Jedno jest pewne – potrzebujemy środkowego obrońcy potrafiącego grać w piłkę, a nie tylko przeszkadzać rywalowi. Borussia gra płynniej od kadry Polski i wymienia więcej podań, ponieważ jej stoperzy (Subotić i Santana też imponują dokładnością zagrań) nie kopią po autach, tylko do kolegów.

Negatywny środek pola

Idąc dalej dostrzegamy coraz więcej kontrastów, które uniemożliwiają Polakom z BVB zaprezentować pełnię umiejętności w kadrze.

Czas na środek pola.

Żaden, ale to żaden z liczących się zespołów, które stosują ustawienie 4-2-3-1, nie korzysta z dwóch typowych defensywnych pomocników. Zawsze jeden z nich musi być bardziej kreatywny, mobilny, gwarantujący wertykalne wejścia w wyższe strefy boiska. Trenerzy stosujący ten system wystawiają box-to-box midfieldera albo z cofniętym rozgrywającym (np. Xabi Alonso z Khedirą, Carrick z Cleverleyem), albo z defensywnym pomocnikiem (np. Mikel-Ramires, Barry-Yaya Toure, Lucas-Gerrard). Nigdy dwóch DM-ów.
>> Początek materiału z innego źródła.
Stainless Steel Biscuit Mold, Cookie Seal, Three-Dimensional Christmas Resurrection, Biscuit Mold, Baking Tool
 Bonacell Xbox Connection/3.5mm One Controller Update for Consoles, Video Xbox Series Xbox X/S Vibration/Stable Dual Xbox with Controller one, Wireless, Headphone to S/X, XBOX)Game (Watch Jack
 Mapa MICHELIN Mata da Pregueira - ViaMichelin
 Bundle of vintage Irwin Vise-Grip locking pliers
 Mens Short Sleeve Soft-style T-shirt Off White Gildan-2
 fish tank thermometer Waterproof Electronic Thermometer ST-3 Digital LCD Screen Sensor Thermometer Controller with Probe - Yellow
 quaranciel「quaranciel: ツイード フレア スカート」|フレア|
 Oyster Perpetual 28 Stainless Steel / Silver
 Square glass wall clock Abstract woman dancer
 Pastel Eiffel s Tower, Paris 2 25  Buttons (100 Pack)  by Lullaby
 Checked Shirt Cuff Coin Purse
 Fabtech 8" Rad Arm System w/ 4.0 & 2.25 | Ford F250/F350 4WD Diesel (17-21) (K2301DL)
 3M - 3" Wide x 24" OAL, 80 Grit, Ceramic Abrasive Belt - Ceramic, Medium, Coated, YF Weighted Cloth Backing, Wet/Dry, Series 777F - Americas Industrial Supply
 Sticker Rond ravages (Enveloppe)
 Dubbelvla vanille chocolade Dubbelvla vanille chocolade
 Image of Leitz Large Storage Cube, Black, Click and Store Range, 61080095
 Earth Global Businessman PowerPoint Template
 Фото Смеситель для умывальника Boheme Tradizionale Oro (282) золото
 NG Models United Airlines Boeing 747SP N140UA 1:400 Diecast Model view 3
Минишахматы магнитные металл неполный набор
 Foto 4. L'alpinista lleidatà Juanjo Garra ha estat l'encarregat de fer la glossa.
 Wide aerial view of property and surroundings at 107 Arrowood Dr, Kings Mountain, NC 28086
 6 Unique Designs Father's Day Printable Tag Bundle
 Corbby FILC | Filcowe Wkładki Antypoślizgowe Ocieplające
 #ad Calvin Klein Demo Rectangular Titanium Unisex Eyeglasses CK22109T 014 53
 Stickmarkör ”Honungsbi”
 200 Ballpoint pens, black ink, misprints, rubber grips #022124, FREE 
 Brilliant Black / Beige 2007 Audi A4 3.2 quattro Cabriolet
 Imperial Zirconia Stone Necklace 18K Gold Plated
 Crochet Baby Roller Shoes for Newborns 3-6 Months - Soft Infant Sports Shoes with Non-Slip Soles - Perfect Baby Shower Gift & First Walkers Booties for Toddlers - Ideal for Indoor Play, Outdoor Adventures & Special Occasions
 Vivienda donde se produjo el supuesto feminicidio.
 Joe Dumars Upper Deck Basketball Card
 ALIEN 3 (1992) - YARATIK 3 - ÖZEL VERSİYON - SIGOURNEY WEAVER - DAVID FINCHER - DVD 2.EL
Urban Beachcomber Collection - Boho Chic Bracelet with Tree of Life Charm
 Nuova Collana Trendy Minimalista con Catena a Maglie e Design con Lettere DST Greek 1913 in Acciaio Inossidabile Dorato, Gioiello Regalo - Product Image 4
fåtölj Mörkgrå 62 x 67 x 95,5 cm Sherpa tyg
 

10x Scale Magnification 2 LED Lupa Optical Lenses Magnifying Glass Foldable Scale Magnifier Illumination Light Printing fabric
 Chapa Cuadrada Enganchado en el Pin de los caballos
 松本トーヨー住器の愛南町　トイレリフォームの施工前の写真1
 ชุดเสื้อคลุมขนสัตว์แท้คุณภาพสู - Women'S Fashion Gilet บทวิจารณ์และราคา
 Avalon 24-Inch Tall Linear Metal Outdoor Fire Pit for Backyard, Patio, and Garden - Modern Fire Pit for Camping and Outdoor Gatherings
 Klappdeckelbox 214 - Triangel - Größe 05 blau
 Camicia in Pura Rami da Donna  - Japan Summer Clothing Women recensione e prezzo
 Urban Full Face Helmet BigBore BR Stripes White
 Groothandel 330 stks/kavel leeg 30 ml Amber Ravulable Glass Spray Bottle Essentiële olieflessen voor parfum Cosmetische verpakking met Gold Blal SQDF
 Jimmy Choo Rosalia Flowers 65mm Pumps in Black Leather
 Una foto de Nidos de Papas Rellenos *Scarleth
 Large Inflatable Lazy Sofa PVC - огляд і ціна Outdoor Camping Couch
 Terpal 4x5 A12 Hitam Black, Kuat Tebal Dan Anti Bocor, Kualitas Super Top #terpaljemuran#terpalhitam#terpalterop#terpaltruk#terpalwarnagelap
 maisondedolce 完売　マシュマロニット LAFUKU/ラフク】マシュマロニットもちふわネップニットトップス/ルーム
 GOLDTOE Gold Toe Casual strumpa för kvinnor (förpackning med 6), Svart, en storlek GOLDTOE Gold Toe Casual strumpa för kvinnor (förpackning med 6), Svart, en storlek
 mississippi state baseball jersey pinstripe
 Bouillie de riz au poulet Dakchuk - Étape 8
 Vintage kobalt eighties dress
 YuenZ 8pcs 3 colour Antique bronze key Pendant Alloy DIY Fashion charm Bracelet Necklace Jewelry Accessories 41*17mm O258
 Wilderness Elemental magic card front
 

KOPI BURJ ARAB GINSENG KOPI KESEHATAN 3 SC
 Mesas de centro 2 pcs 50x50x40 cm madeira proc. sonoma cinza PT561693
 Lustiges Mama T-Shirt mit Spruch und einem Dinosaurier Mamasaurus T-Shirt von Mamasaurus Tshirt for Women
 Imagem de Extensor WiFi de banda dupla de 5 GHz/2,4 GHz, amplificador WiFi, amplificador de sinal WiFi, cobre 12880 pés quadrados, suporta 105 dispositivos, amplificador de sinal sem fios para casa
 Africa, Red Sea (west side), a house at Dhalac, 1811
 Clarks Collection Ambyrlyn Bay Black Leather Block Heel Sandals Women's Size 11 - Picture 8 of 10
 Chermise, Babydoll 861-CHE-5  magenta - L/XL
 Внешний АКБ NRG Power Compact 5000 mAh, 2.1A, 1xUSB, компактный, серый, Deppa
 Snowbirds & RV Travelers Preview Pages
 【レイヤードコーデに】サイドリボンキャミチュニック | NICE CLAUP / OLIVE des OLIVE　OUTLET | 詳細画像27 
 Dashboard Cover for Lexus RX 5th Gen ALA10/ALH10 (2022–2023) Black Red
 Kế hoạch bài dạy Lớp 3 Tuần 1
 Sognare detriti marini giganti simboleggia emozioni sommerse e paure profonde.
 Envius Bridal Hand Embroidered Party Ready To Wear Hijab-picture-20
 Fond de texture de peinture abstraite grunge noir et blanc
Tymczasem „Waldek King” stawia na Grzegorza Krychowiaka i Eugena Polanskiego. Dwóch zawodników o zdecydowanie defensywnej charakterystyce, mających spore problemy z rozegraniem piłki. Żaden z nich nie gwarantuje dobrego rozprowadzenia akcji, pozytywnych, wertykalnych zagrań do przodu czy wejścia wyższe sektory boiska. W związku z tym nie ma ani połączenia między pomocą a obroną, ani stwarzania przewagi w ataku. Dodając do tego stoperów, wychodzi nam, że w środkowej strefie boiska mamy czterech zawodników o podobnych cechach, którzy zajmują się jedynie bronieniem dostępu do własnej bramki.

Dlaczego Borussia nie ma tego problemu? Bo ma Ilkaya Gündoğana. Niemiec jest połączeniem cech cofniętego rozgrywającego z defensywnymi pomocnikiem i box-to-box midfielderem. Jest świetny w odbiorze, dobrze się ustawia i czyta grę, imponuje mobilnością oraz wybieganiem, jest ciągle pod grą, podaje na wysokim procencie skuteczności, a także chętnie zapuszcza się pod bramkę rywali. Dzięki niemu gra BVB jest płynna, a współpraca między formacjami utrzymana.

Jego partnerem zazwyczaj jest defensywny pomocnik Sebastian Kehl. Wolniejszy, dużo bardziej statyczny, mniej aktywny. Gündoğan dużo lepiej spisuje się w duecie z doświadczonym 33-latkiem, niż w parze z bardziej energetycznym i przejawiającym chęć do gry ofensywnej Svenem Benderem. Dzięki temu, że Kehl trzyma się środka boiska, Gündoğan ma większą swobodę i może sobie pozwolić na nieco odważniejsza grę. Natomiast przy Benderze musi być bardziej zdyscyplinowany taktycznie, przez co jego efektywność spada.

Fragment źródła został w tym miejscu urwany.